Bantul, 12 November 2025— Ketika Direktur Pascasarjana Institut Ilmu Al Qur’an (IIQ) An Nur Yogyakarta, Dr. Moch. Taufiq Ridho, M.Pd., melakukan penelitian di Yayasan Kesejahteraan Tunanetra Islam (Yaketunis) Yogyakarta, ia menemukan pengalaman yang mengharukan. Setiap kali ia bertanya kepada para siswa tunanetra tentang alasan mengapa mereka begitu antusias mempelajari al-Qur’an, jawabannya hampir selalu sama, “Saya melihat terang dalam gelap, Pak.”
Tidak hanya bersemangat mempelajari al-Qur’an melalui huruf Braille, para siswa Yaketunis juga memiliki motivasi tinggi untuk menjalani hidup sebagaimana orang-orang yang dianggap “normal” (non-disabilitas). Mereka berangkat ke sekolah sendiri, mengurus keperluan sendiri, dan menunjukkan ketangkasan serta kemandirian yang tidak kalah dengan orang lain. Pengalaman inilah yang kemudian mendorong Taufiq untuk meneliti lebih mendalam tentang kehidupan spiritual dan pendidikan mereka.
| BACA JUGA: Al-Qur’an sebagai Sunduq al-‘Ilm wa al-Ruh Menyoal Pendidikan Islam dalam Terang Tafsir Tarbawi Bagaimana Jika al-Qur’an dan Hadis Ditilik dari Kacamata Poskolonial? |
Kisah tersebut menjadi awal dari penelitian yang akhirnya mengantarkan Taufiq pada penemuan model tafsir heterodoksi tarbawiyah yang ia rumuskan dari refleksinya terhadap QS. ‘Abasa [80]: 1–4. Temuan ini ia paparkan dalam acara Diseminasi Hasil Riset bertajuk “Al-Qur’an dan Kelompok Rentan: Hermeneutika, Inklusivitas, dan Praktik Pendidikan bagi Difabel Muslim”, yang digelar pada Rabu (12/11/2025) di auditorium kampus IIQ An Nur Yogyakarta.
Acara tersebut diselenggarakan oleh Lembaga Penelitian dan Pengabdian kepada Masyarakat (LPPM) IIQ An Nur Yogyakarta bekerja sama dengan Program Magister Pendidikan Agama Islam (M-PAI) dan Lembaga Studi Ilmu Al-Qur’an dan Hadits (LSIQH). Dalam kesempatan itu, Taufiq memaparkan hasil penelitiannya yang berjudul “Diskursus Disabilitas dalam al-Qur’an: Tafsir, Paradigma, dan Praktik di Lembaga Pendidikan.” Penelitian ini bertujuan, antara lain, untuk mengkaji konstruksi ortodoksi dalam penafsiran QS. ‘Abasa [80]: 1–4 serta bentuk heterodoksi pemahaman terhadap ayat yang sama sebagaimana termanifestasi dalam praktik pendidikan di Yaketunis Yogyakarta.

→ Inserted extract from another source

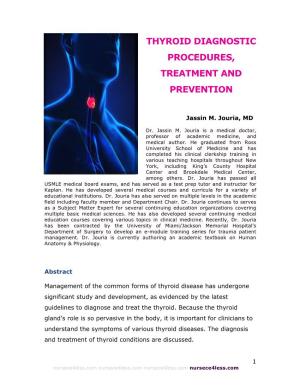 Thyroid Diagnostic Procedures, Treatment and Prevention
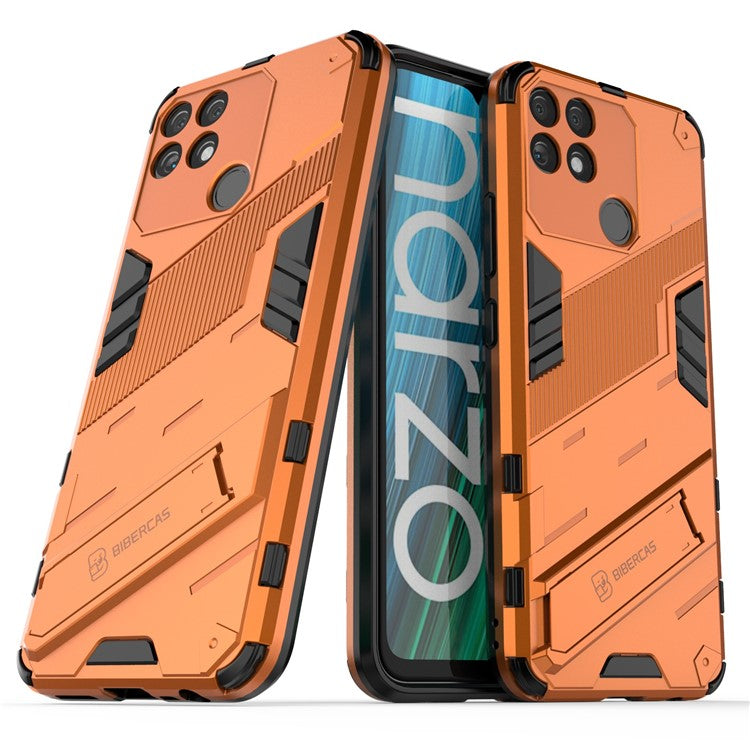Hands-free Kickstand Design Drop-proof TPU + PC Hybrid Phone Case Shell for Realme Narzo 50A - Orange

Ortodoksi Penafsiran QS. ‘Abasa [80]: 1–4
Ath-Thabari meriwayatkan bahwa suatu ketika Rasulullah Saw. sedang berbicara dengan para pembesar Quraisy—di antaranya Utaibah bin Rabi‘ah, Abu Jahal bin Hisyam, dan Abbas bin Abdul Muttalib—dengan harapan mereka dapat menerima dakwah Islam. Di tengah percakapan itu, datanglah seorang lelaki buta bernama Ibnu Ummi Maktum, yang memohon agar Rasulullah Saw. mengajarinya ayat-ayat Al-Qur’an. Ia berkata, “Wahai Rasulullah, ajarilah aku dengan apa yang telah Allah ajarkan kepadamu.” Karena sedang fokus berbicara dengan para tokoh Quraisy, Rasulullah Saw. berpaling dan bermuka masam, kemudian melanjutkan pembicaraan beliau. Dalam riwayat Tirmidzi disebutkan, setelah itu, Nabi Saw. bertanya kepada para pembesar Quraisy itu, “Apakah yang aku sampaikan kepadamu baik?” Mereka menjawab, “Tidak.” Lalu, turunlah QS. ‘Abasa [80]: 1–4, sebagai teguran Allah kepada Rasulullah Saw.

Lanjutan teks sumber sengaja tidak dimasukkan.